Ecco che cosa dirà al Colle: la Lega è vittima di un attacco giudiziario tipo "schema Berlusconi", il voto va rispettato

Salvini vuole spezzare l'assedio e minaccia di fare saltare tutto

La Lega ha il diritto di poter contare sugli strumenti idonei a poter «concorrere con metodo democratico a determinare la politica nazionale», come recita la Costituzione? È davvero possibile immaginare che, in forza della sentenza della Cassazione, possano essere bloccate le entrate provenienti dal 2 per mille ai partiti, entrate provenienti da versamenti volontari degli elettori? La magistratura ha idea dei sacrifici che sono stati fatti in questi anni licenziando personale, chiudendo La Padania, ridimensionando la radio? Sono queste alcune delle domande che ricorrono dentro la Lega, alla vigilia dell'incontro tra Matteo Salvini e il Capo dello Stato fissato per domani - incontro sul quale ha lavorato molto Giancarlo Giorgetti - e annunciato su Twitter dal leader del Carroccio. Un senso di insofferenza che, sommato ai sondaggi che danno da settimane la Lega in costante crescita, fa balenare una tentazione: ripresentarsi alle urne per incassare una sorta di plebiscito e chiudere definitivamente i conti con il passato, spazzando via le trappole disseminate sul cammino della missione governativa. Una via, naturalmente, che potrebbe essere percorsa soltanto qualora non si registrasse alcun segnale di inversione di rotta.

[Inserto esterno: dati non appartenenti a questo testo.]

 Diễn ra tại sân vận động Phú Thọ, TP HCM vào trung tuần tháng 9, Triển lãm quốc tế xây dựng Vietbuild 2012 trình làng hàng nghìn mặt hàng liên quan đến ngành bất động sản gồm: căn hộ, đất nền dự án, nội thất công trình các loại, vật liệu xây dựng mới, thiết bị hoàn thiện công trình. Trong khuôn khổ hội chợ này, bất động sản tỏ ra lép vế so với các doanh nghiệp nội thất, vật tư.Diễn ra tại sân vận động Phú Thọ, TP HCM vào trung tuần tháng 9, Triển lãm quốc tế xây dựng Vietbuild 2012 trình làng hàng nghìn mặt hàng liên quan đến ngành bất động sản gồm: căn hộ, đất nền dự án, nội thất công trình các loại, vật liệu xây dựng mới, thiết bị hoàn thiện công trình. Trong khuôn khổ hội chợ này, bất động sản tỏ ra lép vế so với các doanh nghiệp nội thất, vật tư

«Lunedì a mezzogiorno incontrerò Mattarella. Avrò il piacere di spiegargli le tante cose fatte nel mio primo mese da ministro, per mantenere le promesse, per difendere i confini, per proteggere gli italiani e riportare ordine, rispetto e tranquillità in Italia. #Primagliitaliani». Una comunicazione in cui non si parla esplicitamente del sequestro conservativo da 49 milioni di euro disposto dal Tribunale di Genova sui beni della Lega Nord dopo la condanna di Umberto Bossi e dell'ex tesoriere Francesco Belsito. Ma in cui si fa riferimento semplicemente all'attività politica e governativa, quella stessa attività che sarebbe messa in pericolo dall'entrata a gamba tesa della magistratura.

Il ministro dell'Interno non fa mistero di sentirsi nel mirino, teme che possa ripetersi lo schema Berlusconi, chiede che sia rispettata la volontà popolare e non si individui nella Lega il nemico da abbattere. Insomma non ci sta a farsi rosolare a fuoco neppure troppo lento e ad accettare una sorta di sequestro permanente che se applicato alla lettera equivarrebbe a una forte limitazione dell'agibilità politica.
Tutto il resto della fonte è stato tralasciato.